Lillian Hanly is looking into the importing of what has been called 'blood phospate' from Western Sahara, occupied by Morocco. There have been three parts broadcast already, this is the fourth. So, to recap a little:

Around 170,000 Saharawi people were forced out of their own land when Morocco invaded in 1975, today they live as refugees separated by a constructed wall and littered with mines. Western Sahara is rich in resources, and it is understood Morocco is taking advantage of this. One particular resource that is being mined without the consent of the Saharawi people is phosphate. Two of the three remaining companies in the world to buy this disputed phosphate from Morocco are NZ companies. Australia, Canada, America - all have pulled out of this trade in the hope that the referendum, called for in 1991, can take place. So the Saharawi people can choose their independece.

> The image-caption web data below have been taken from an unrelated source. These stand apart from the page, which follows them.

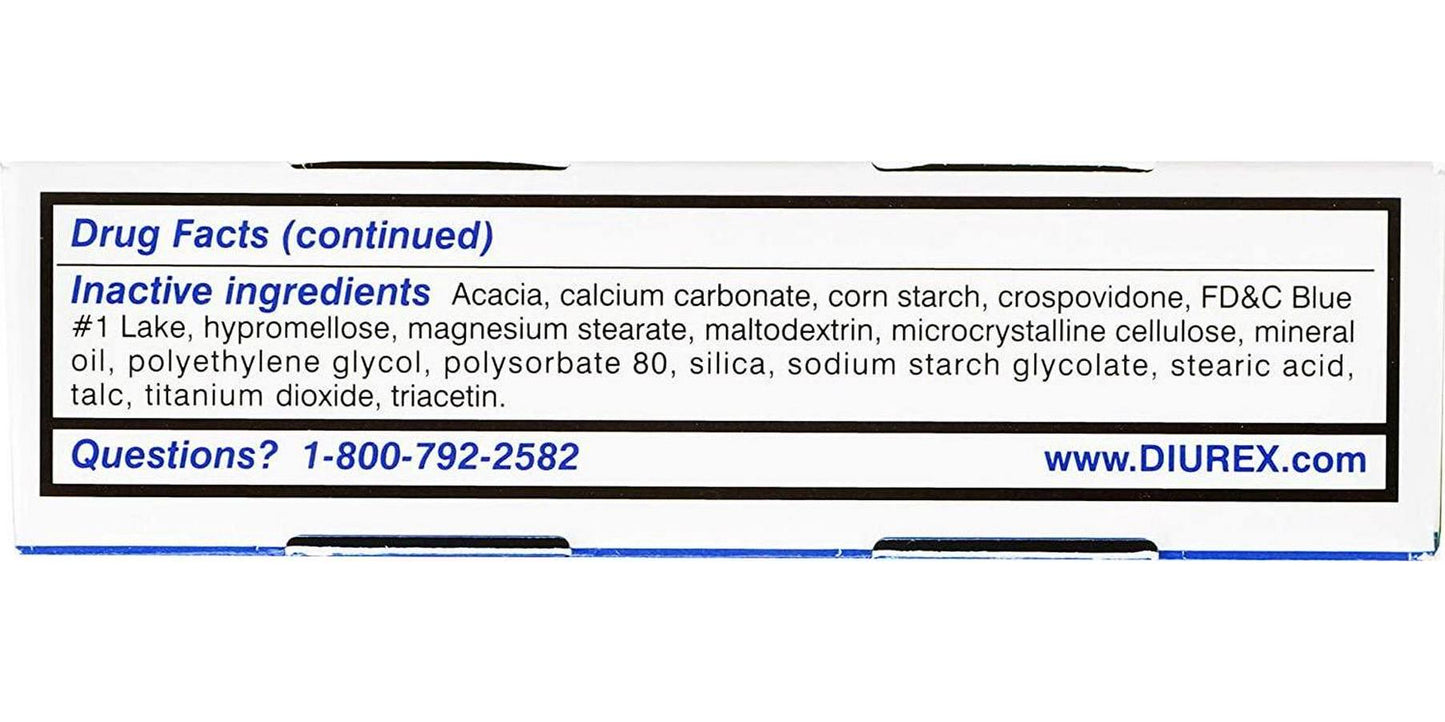 Diurex Water Pills + Pain Relief - Relieve Water Bloat, Cramps, and Fatigue - 42 Count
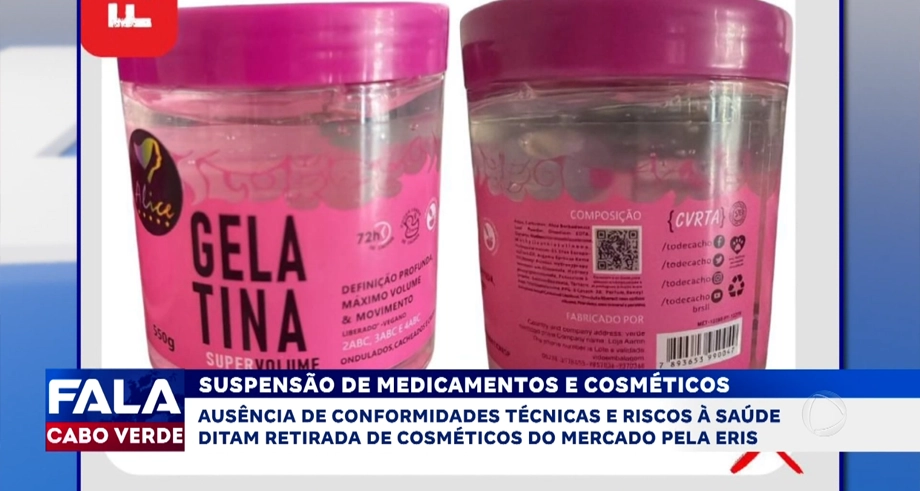 SUSPENSÃO DE MEDICAMENTOS E COSMÉTICOS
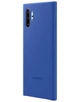Оригинальный Защитный силиконовый чехол бампер накладка Silicone Cover для Samsung Galaxy Note 10+ N975 EF-PN975TLEGRU Blue - изображение 2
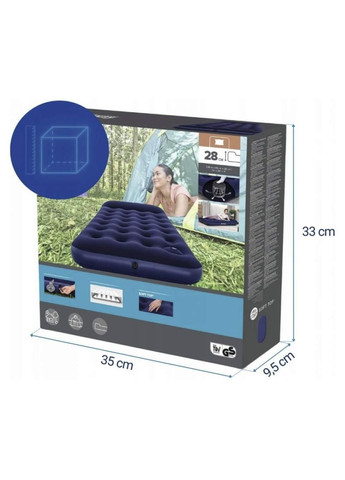 Надувной матрас со встроенным насосом 188 х 99 х 28/22 см 67224 Bestway (346490422)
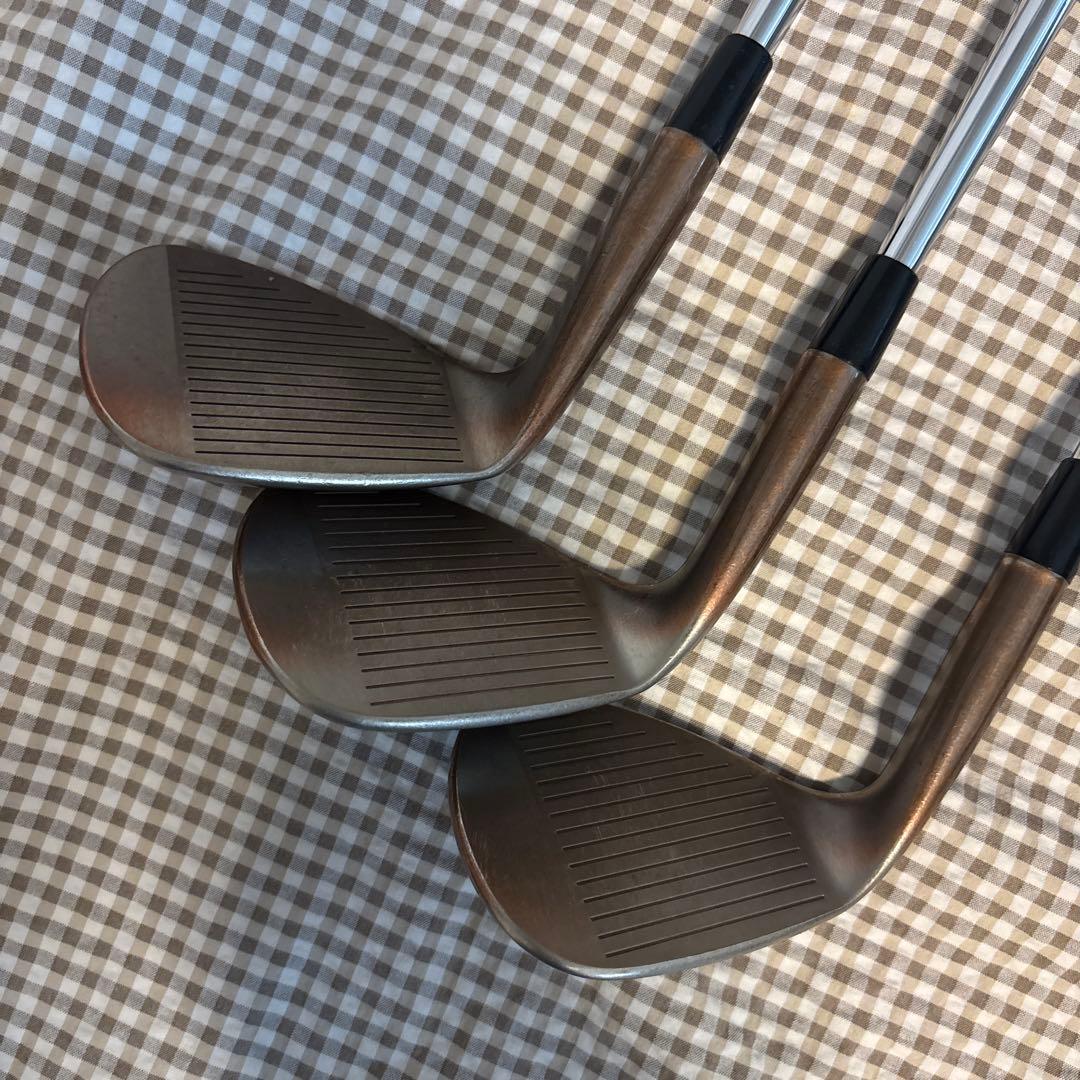 ミズノ T24ウエッジ デニムカッパー仕上げ 50 54 58 3本セット - メルカリ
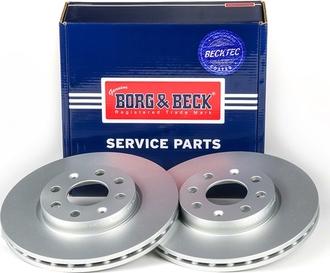 Borg & Beck BBD4553 - Спирачен диск vvparts.bg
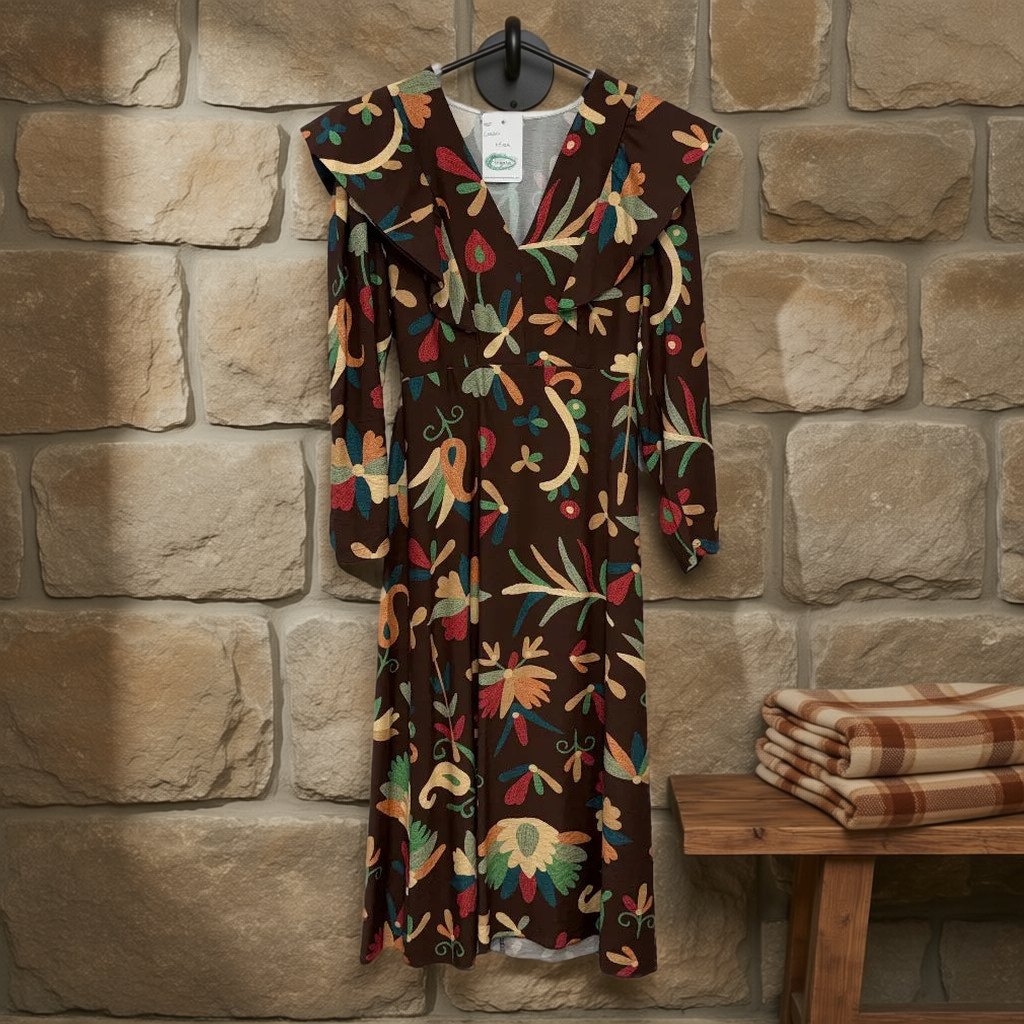 Vestido largo mira colgada en un ambiente para mujer Angara Moda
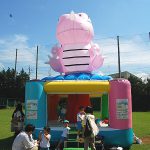 幼稚園の創立50周年記念のお祭りにふわふわレンタルのご依頼!in千葉県八千代市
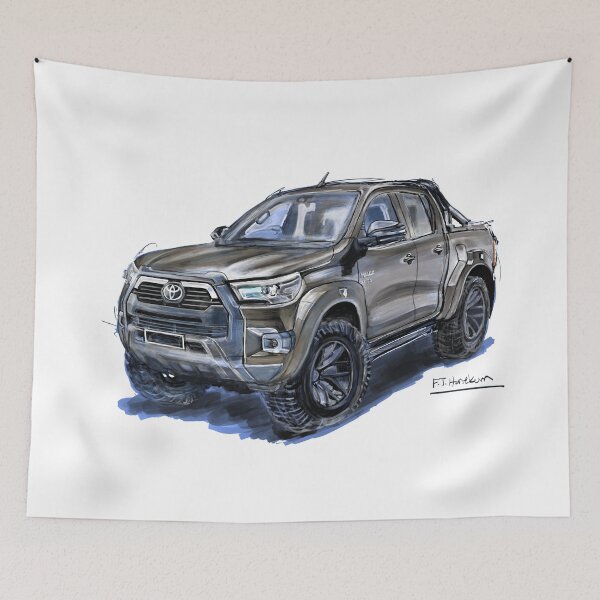 Aperçu de l'œuvre Camionnette Toyota Hilux créée et vendue par Francohanekom.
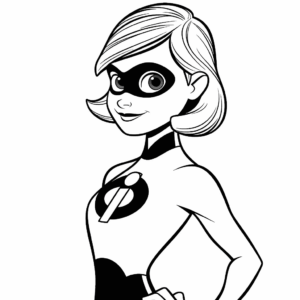 Desenho de helen parrelastigirl os incríveis para colorir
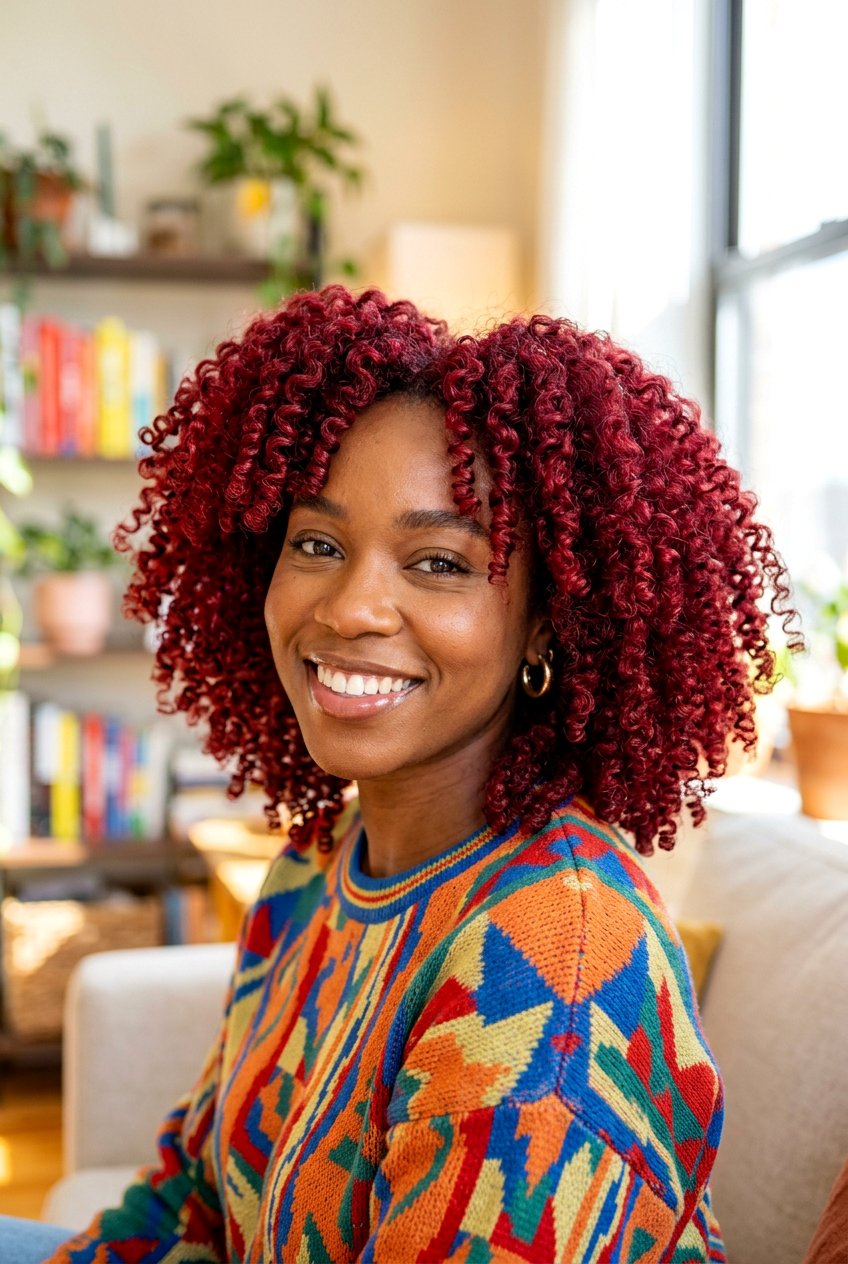 Red Curls with Vivid Color - 20 red hair makeover ideas - 20 red hair makeover ideas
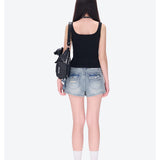 13DE MARZO | 2601 Bear Logo Tank Top Black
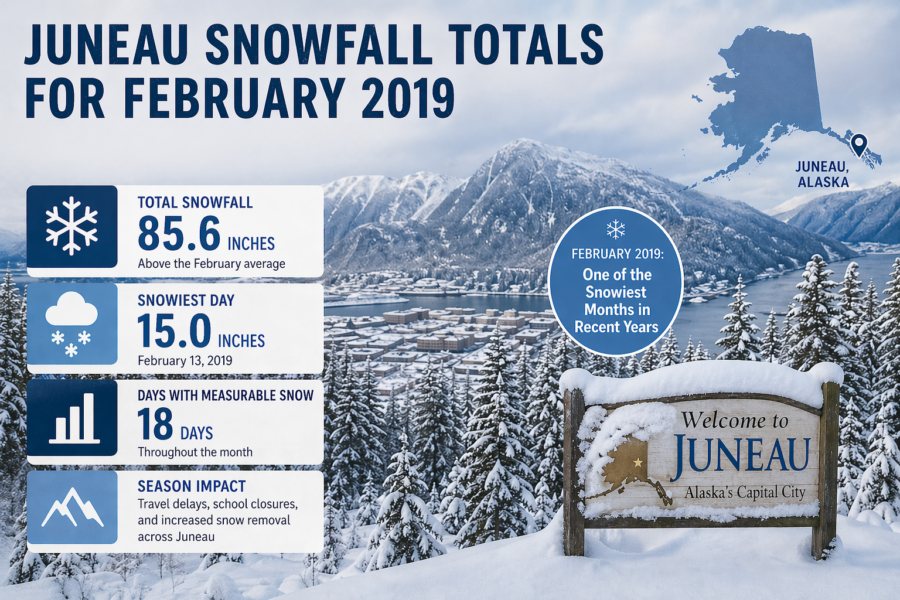 juneau snowfall totals for february 2019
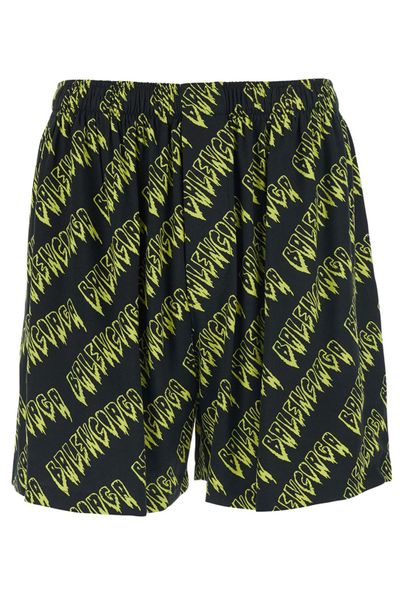 Balenciaga Logo Detailed Elastic-Waist Shorts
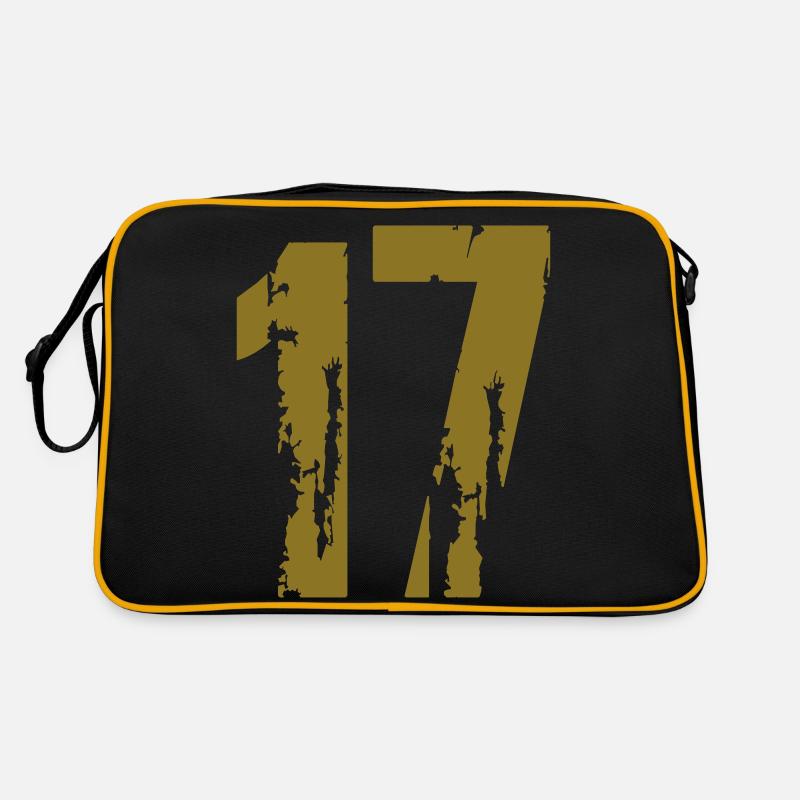 17 - Nummer Retro Tasche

In Part IIII we hear from two different people in Aotearoa with solutions as to how we could use less phosphate - and therefore not rely on a trade that extracts the resource from a country where human rights abuses are taking place.

 

Kay Baxter is from the Koanga Institute. They have long worked to save heritage food plants, including vegetable seeds and fruit trees as well as being leading practitioners, researchers and teachers of bio-intensive gardening and nutrient dense food production. Now, they are also encouraging a shift to 'regenerative' farming, rather than 'degenerative' - a process which requires major nourishment of soil through fertiliser products. You can find some simple explainers on regeneration here. Kay indicates that pastoral farming has had a huge effect on the way the eco system is connected, leading to poor soil health.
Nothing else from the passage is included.